Pakistan blames Afghanistan for surge in violence, attack on Chinese

Pakistan on Tuesday said that the surge in violence and a suicide attack targeting Chinese workers was orchestrated from neighbouring Afghanistan.

“The suicide attack targeting Chinese engineers was planned and controlled from Afghanistan while the suicide bomber was an Afghan citizen,” the military’s spokesman Major General Ahmed Sharif Chaudhry told a press conference.

At least five Chinese citizens were killed in the suicide attack on a bus in Bisham district of the volatile Khyber Pakhtunkhwa province bordering Afghanistan in March.

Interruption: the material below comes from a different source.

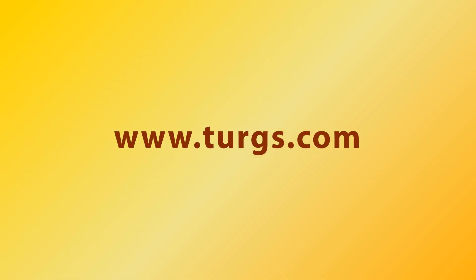Log on to turgs.com for more details and purchasing the product. Thank you for watching.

According to details, there are some 29,000 Chinese nationals in Pakistan, of which more than 2,500 are working on the China Pakistan Economic Corridor (CPEC), a 3,000-kilometre Chinese infrastructure project that is part of China's Belt and Road Initiative, under which China has pledged $62 billion to Pakistan.

More than 5,000 Chinese citizens are working on other development projects.

Chaudhry said that terrorists from Tehrik-e-Taliban Pakistan (TTP) have hideouts in Afghanistan and are continuously using Afghan soil for launching attacks in Pakistan.

Pakistan presented “concrete evidence but no positive progress” on pledges made by the Afghan interim government "not to allow Afghan soil for terrorism," the spokesman said. Those pledges are part of the Doha agreement reached between the United States and the Afghan Taliban in 2020 that led to the US withdrawal from Afghanistan in 2021.